Captioned web image data:

# # # #

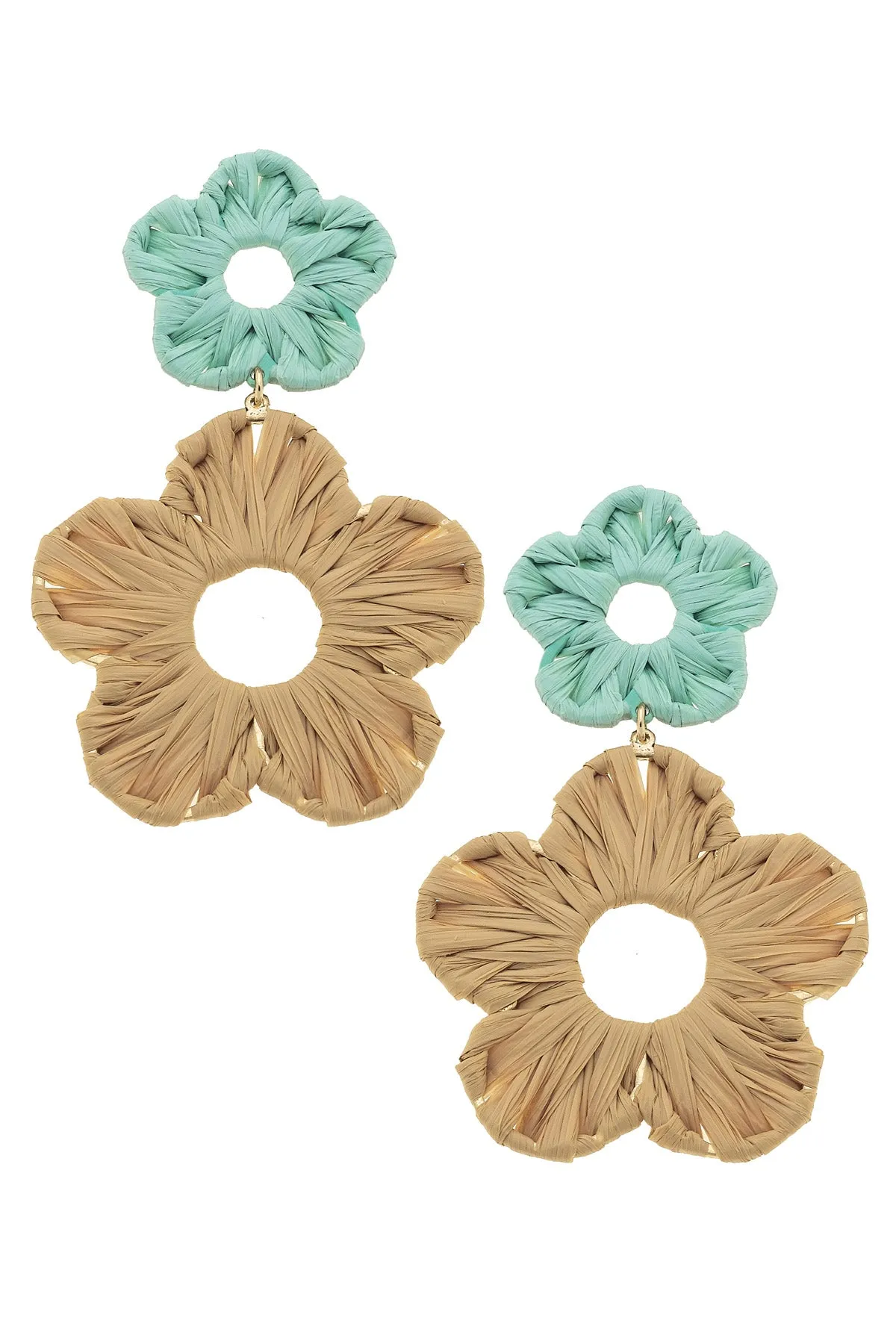Rosa Rattan Flower Bomb Earrings in Mint sold by Canvas Style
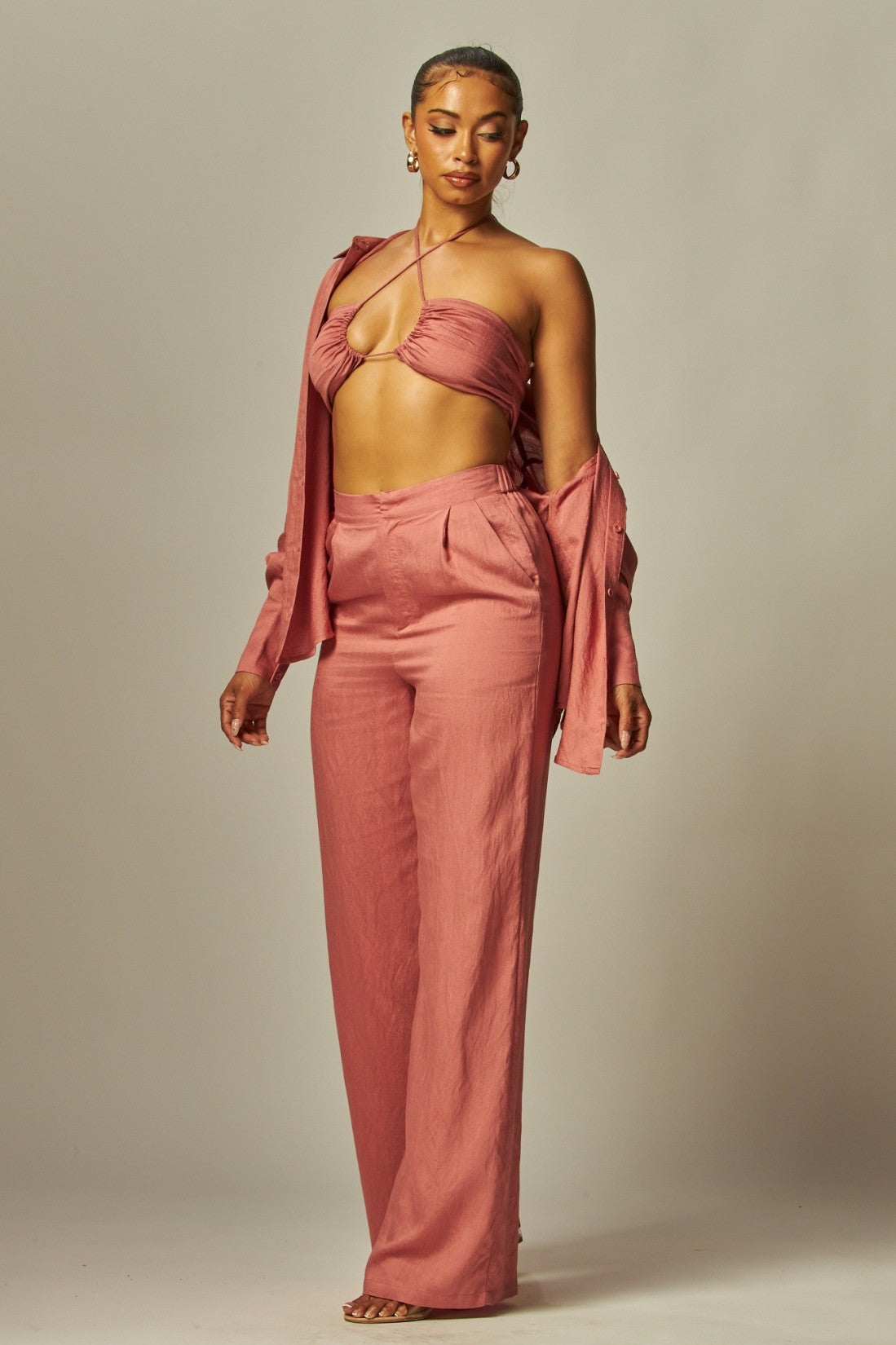 Villa Blvd ƎDEN Rayon Tied Pants Set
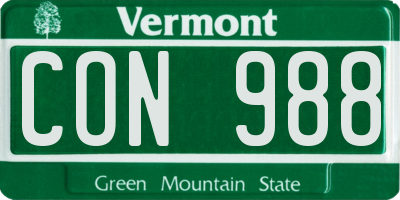 VT license plate CON988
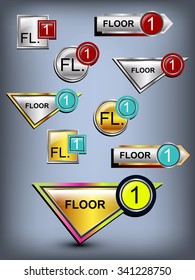 floor number sign, vector illustration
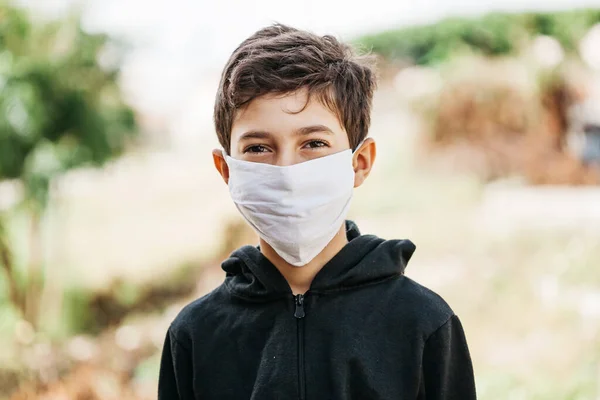 Portrait Year Old Boy Wearing Homemade Protective Mask Sunning Quarantine — Stock Photo, Image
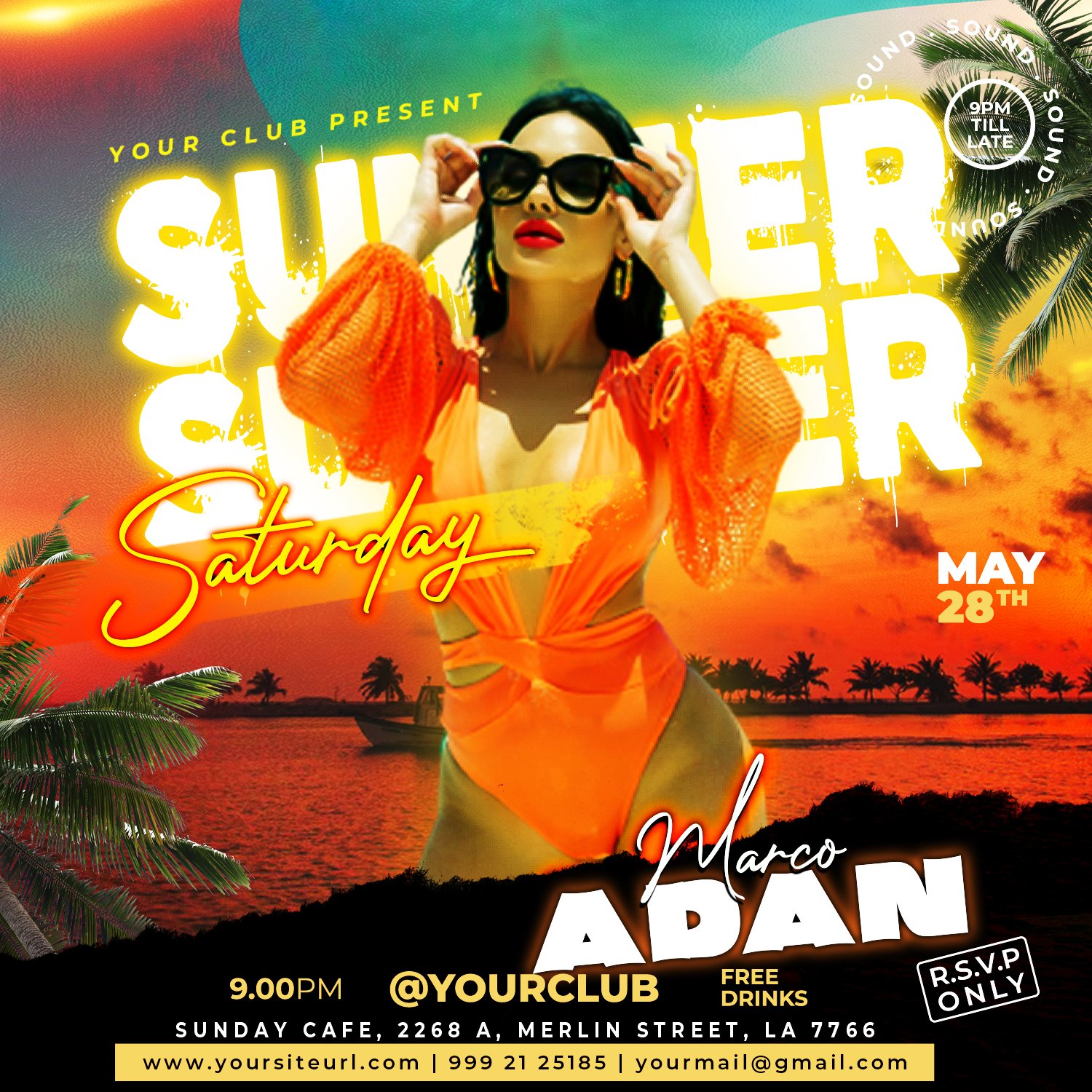 summer club party instagram banner psd 341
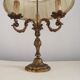 Bronze French Antique Art Nouveau 3-Light Candelabra Lamp Pleated Shade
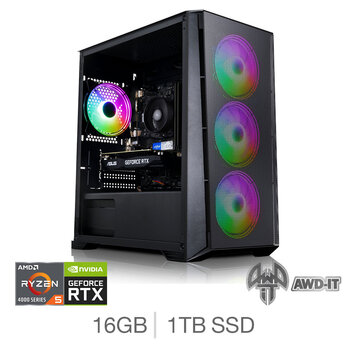 AWD-IT Mesh 5, AMD Ryzen 5, 16GB RAM, 1TB SSD, NVIDIA GeForce RTX 3060, Gaming Desktop PC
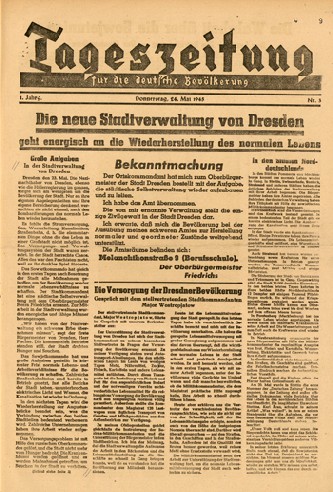 „Tageszeitung“ vom Mai 1945. Repro: SLUB Dresden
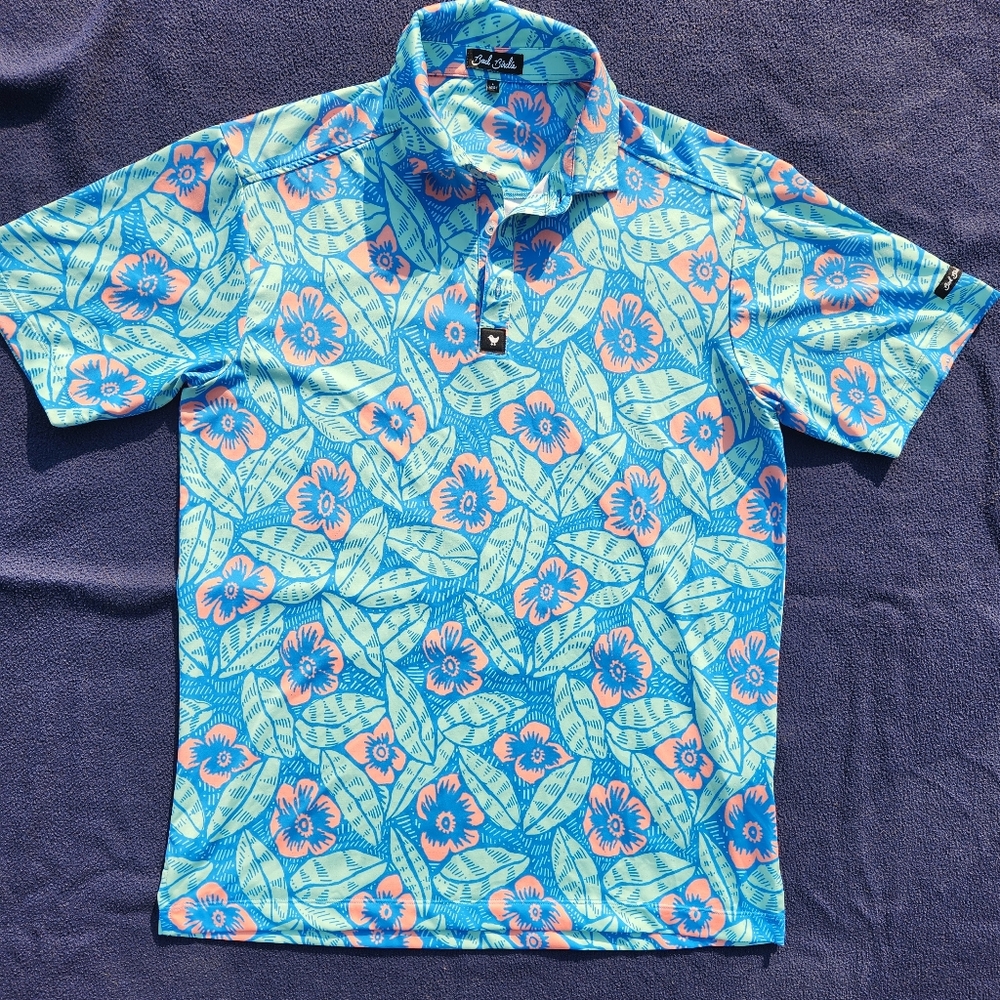 Bad Birdie Men's Golf Polo Shirt Blue & Pink Size Large - Picture 2 of 7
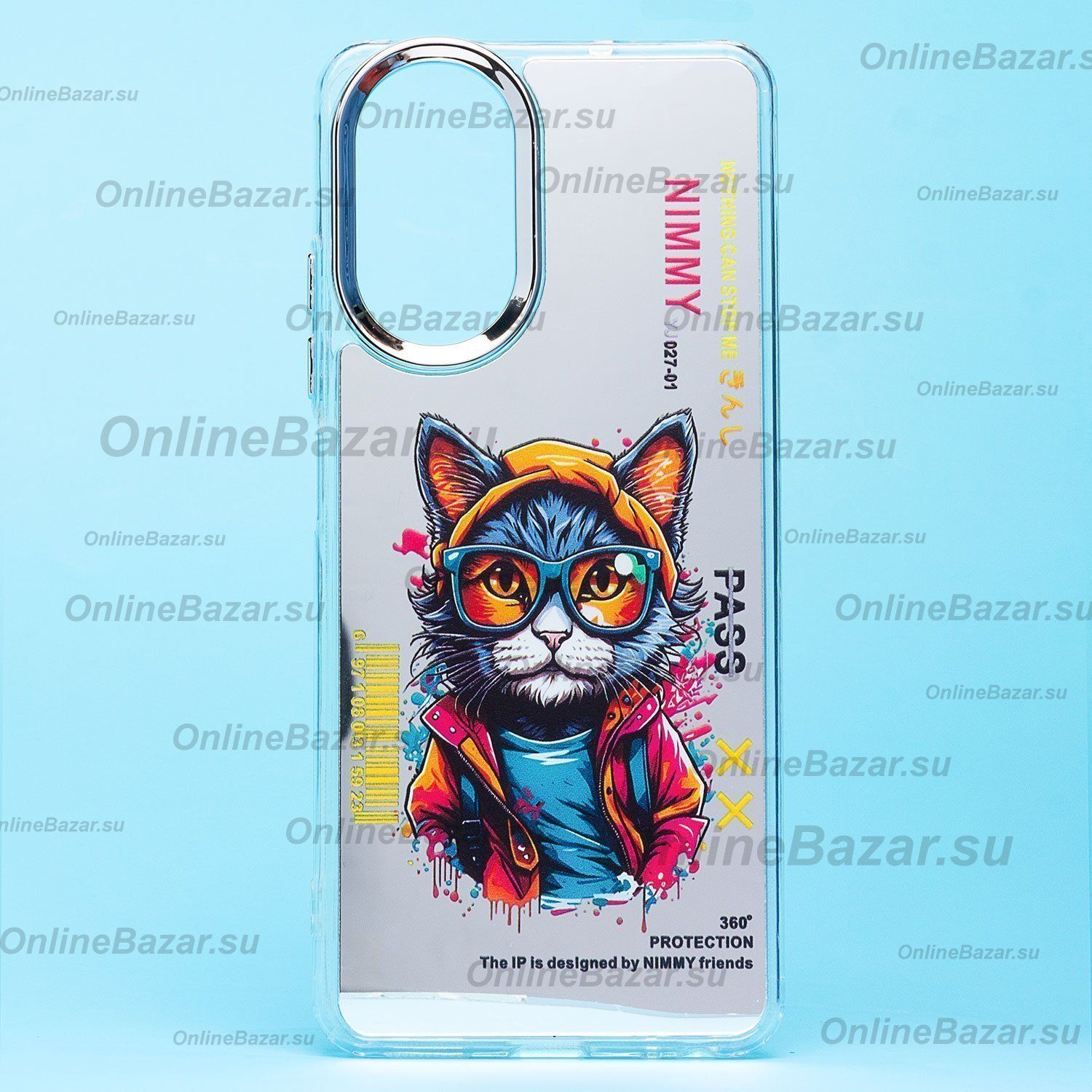 Чехол для Realme RMX3890 силиконовый (рис. 092/кот) <серый> ― Spb.OnlineBazar.su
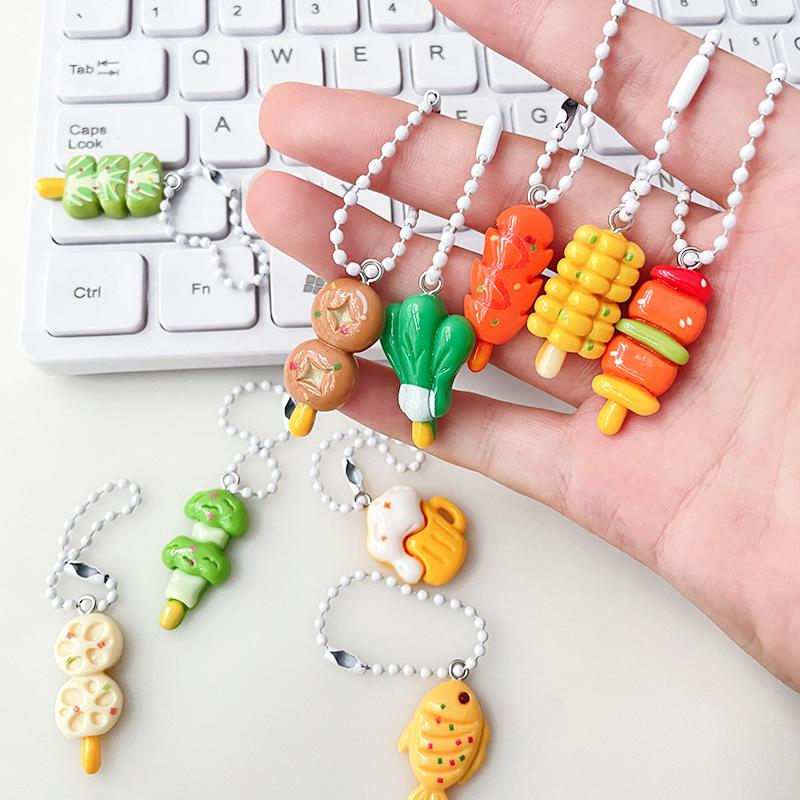 Funny Barbecue Keychain Creative Simulation Food Keyring Mini Meat Skewer Model Pendant Bag Hanging Ornament Gifts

# # # #

- Goal of the exercise: Although the records hold pictures, the copy must not; give again exactly the lines from the one with "Villa Blvd ƎDEN Rayon Tied Pants Set" through the one with "Чехол для Realme".

- Output of the exercise:
 Villa Blvd ƎDEN Rayon Tied Pants Set
 VT license plate CON988
 floor number sign, vector illustration
 Portrait Year Old Boy Wearing Homemade Protective Mask Sunning Quarantine — Stock Photo, Image
 summer club party instagram banner psd 341
 Bronze French Antique Art Nouveau 3-Light Candelabra Lamp Pleated Shade
 AWD-IT Mesh 5, AMD Ryzen 5, 16GB RAM, 1TB SSD, NVIDIA GeForce RTX 3060, Gaming Desktop PC
 „Tageszeitung“ vom Mai 1945. Repro: SLUB Dresden
 Bad Birdie Men's Golf Polo Shirt Blue & Pink Size Large - Picture 2 of 7
 Чехол для Realme RMX3890 силиконовый (рис. 092/кот) <серый> ― Spb.OnlineBazar.su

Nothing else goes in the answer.